Fares Fall in 1Q Due to Intensified Competition
Cost Increases Limited by Lower Fuel Expenses
Jin Air's first-quarter performance this year is expected to be somewhat sluggish. Although international customer usage is increasing, fares had to be lowered due to intensified competition. However, since cost increases are limited, profitability is not expected to be significantly impaired.
On the 31st, Hana Securities lowered Jin Air's target stock price by 14.3% to 12,000 KRW due to these reasons. The closing price on the previous trading day was 9,430 KRW. The investment rating of 'Buy' was maintained.
Hana Bank's forecast for Jin Air's first-quarter performance this year is sales of 405 billion KRW and operating profit of 60.7 billion KRW. Compared to the same period last year, sales are expected to decrease by 6% and operating profit by 38%. Despite an increase in revenue passenger kilometers (RPK), which is the product of paying international passengers and transport distance, international passenger fares are expected to drop by 10% year-on-year to 100 KRW per kilometer due to intensified competition within the industry.
In particular, the growth rate of low-cost carrier (LCC) passengers in the first quarter is lower compared to full-service carriers (FSC). The first quarter is the peak season for LCCs, and Jin Air has recorded half of its operating profit in the first quarter over the past two years. The slowdown in demand in the first quarter is analyzed to be a burden for LCCs overall. This year, total sales are estimated to increase by only 1% year-on-year, while operating profit is expected to decrease by 8% to around 150 billion KRW. This is due to the decline in fares despite an increase in available seat kilometers (ASK), which is the product of available seats and travel distance.
Fortunately, cost increases are limited. Last year, total costs increased by 19%. In particular, labor costs rose by 24% (16% of sales), and airport-related costs increased by 34% (15% of sales). This year, fuel costs are expected to decrease compared to the previous year, offsetting the rise in costs. With operating expenses increasing by only 2%, profitability may not be significantly impaired despite the fare decline.
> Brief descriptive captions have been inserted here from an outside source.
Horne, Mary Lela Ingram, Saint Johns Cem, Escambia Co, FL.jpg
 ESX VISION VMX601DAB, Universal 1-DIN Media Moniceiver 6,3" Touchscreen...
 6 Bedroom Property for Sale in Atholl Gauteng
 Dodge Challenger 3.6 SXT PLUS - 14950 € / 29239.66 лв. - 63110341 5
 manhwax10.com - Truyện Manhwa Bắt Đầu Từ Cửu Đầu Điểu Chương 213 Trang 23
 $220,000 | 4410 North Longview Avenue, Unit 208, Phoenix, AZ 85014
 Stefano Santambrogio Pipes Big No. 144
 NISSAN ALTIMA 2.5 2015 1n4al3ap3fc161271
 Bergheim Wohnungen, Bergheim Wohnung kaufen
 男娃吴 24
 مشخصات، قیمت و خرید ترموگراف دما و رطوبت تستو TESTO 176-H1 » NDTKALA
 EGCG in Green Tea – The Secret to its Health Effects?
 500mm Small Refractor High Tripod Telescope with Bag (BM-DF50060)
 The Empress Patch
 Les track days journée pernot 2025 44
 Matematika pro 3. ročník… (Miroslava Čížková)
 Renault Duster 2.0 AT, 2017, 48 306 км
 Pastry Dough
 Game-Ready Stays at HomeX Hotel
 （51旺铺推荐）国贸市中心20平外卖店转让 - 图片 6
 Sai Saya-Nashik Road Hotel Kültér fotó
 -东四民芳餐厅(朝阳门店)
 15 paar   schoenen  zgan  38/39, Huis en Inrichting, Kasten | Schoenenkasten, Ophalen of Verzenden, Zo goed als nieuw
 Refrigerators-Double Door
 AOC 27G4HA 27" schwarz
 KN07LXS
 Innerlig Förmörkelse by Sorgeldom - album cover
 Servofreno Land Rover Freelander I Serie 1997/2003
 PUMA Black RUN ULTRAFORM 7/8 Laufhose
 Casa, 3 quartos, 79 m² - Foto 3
On the 26th, Jin Air used 110.6 billion KRW of its capital reserve of 296.1 billion KRW to cover deficits through a shareholders' meeting. Of the remaining capital reserve of 185.5 billion KRW, 89.4 billion KRW was transferred to retained earnings. By resolving the deficit, dividends have become possible for the first time since the COVID-19 period. However, as the integration with Air Busan and Air Seoul approaches, there is a possibility that cash will be managed conservatively. Do-hyun Ahn, a researcher at Hana Securities, explained, "Jin Air's stock price basically moves in line with consumer sentiment and moves inversely to the exchange rate. If the exchange rate stabilizes and expectations for domestic economic recovery emerge, there is sufficient momentum for stock price growth."